Suara Warga

Jokowi dan Prabowo "Terpaksa" Bertemu kok.., Apa Istimewanya ?

Artikel terkait : Jokowi dan Prabowo "Terpaksa" Bertemu kok.., Apa Istimewanya ?

Salah satu semboyan yang cukup masyhur, “Bila ingin damai, maka bersiaplah berperang”. Semboyan yang berasal dari zaman Romawi itu, yakni “Si Vis Pacem Para Bellum”, bisa pula dimaknai, “Bila sudah berhadap-hadapan untuk berperang, maka berdamailah”, khususnya jika kekuatan pihak yang berseteru cukup seimbang dan mereka sulit untuk saling menaklukkan. Begitulah tampaknya kondisi Prabowo bersama KMP-nya versus Jokowi dengan KIH-nya.
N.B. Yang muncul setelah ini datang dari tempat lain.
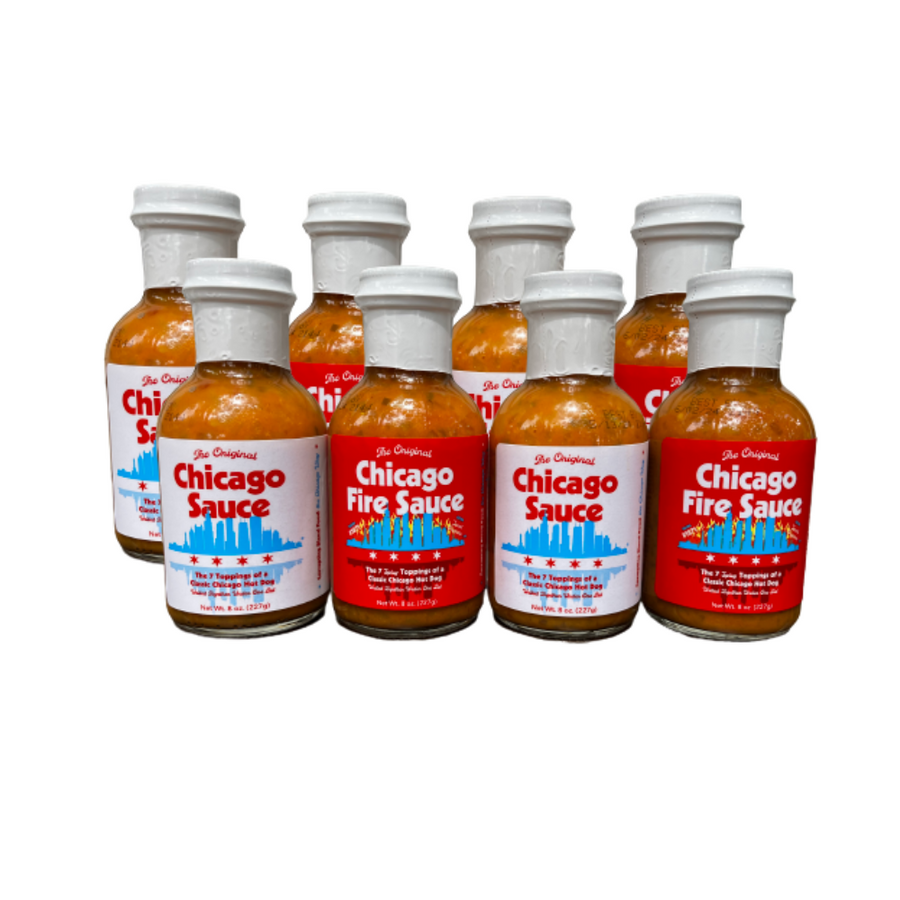 The Chicago Sauces, Mild & Spicy - product image 12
Pemerintahan Jokowi bisa dipastikan terkunci jika melawan secara frontal Prabowo dan KMP, Sementara itu Prabowo juga tidak bisa berbuat terlalu jauh, konstitusi tidak memberi banyak keleluasaan untuk menjatuhkan Jokowi yang terpilih dengan suara terbanyak Kondisi ini mau tidak mau memaksa Jokowi mengambil inisiatif untuk mengurangi tekanan terhadap pemerintahannya kelak. Di sisi lain Prabowo tentu tidak mungkin menolak keinginan Jokowi untuk bertemu. Menolak bertemu akan merugikan bagi Prabowo secara pribadi. Sebagai seorang prajurit tentu tidak kesatria dan tidak elok jika dia menolak keinginan kompetitornya hanya untuk bertemu. Beliau akan dicela dan disamakan publik dengan Megawati yang sampai hari ini masih enggan mencairkan hubungan dengan SBY. Publik tentu masih bisa memaklumi Ibu Mega, sebagai seorang perempuan -menurut pandangan tradisional masyarakat- wajar jika beliau punya watak yang lebih didominasi oleh perasaan. Hal yang sangat berbeda jika Prabowo yang mengambil sikap sebagaimana “lazimnya” para perempuan itu.



Dilihat dari sisi pandang itu, tidak ada yang istimewa menyangkut pertemuan antara Jokowi dan Prabowo, keduanya memang “terpaksa” bertemu. Persepsi keterpaksaan itu muncul mengingat momennya agak terlambat, hanya beberapa hari menjelang pelantikan Jokowi. Sebelumnya ada upaya dari kubu Jokowi untuk menarik partai-partai di KMP dan ternyata kurang berhasil. Bahkan KIH mengalami kekalahan demi kekalahan secara beruntun.



Jokowi butuh untuk bertemu kubu Prabowo dan Prabowo tidak boleh menolak. Walhasil pertemuan tersebut bisa jadi hanya sebuah hiburan di pentas politik, menyenangkan hati rakyat dan menenangkan pasar. Hal ini tentu saja tetap bermanfaat. Komunikasi Jokowi-Prabowo ini juga bisa menepis berbagai rumor bersifat paranoid yang sebelumnya dimunculkan sebagian kalangan pengamat maupun pendukung Jokowi. Cairnya ketegangan juga diharapkan akan membungkam media-media provokator pendukung kedua pihak.



Apakah hubungan Jokowi dan Prabowo sejatinya nanti akan tetap cair, bahkan menjadi sahabat. Jika itu terjadi tentu saja hal yang baik, namun bukan yang terpenting. Mencairnya hubungan Jokowi dan Prabowo, tidak serta merta menghilangkan esensi keberadaan Koalisi Merah Putih. KMP tetap relevan dengan catatan koalisi ini beropoisi secara sehat, menjadi pengontrol pemerintah yang objektif dan konstruktif. Loyal terhadap negara dan rakyat, bukan terhadap seseorang sebagai pribadi.



Jokowi menjadi presiden di satu sisi dan kuatnya KMP di sisi lain, semoga ini skenario Tuhan untuk membuat Indonesia lebih baik. Inilah saat dimana pemimpin terpilih mesti sungguh-sungguh dan bekerja keras untuk memenuhi semua janjinya, serta waspada terhadap adanya para oportunis yang menjadi penumpang gelap demokrasi.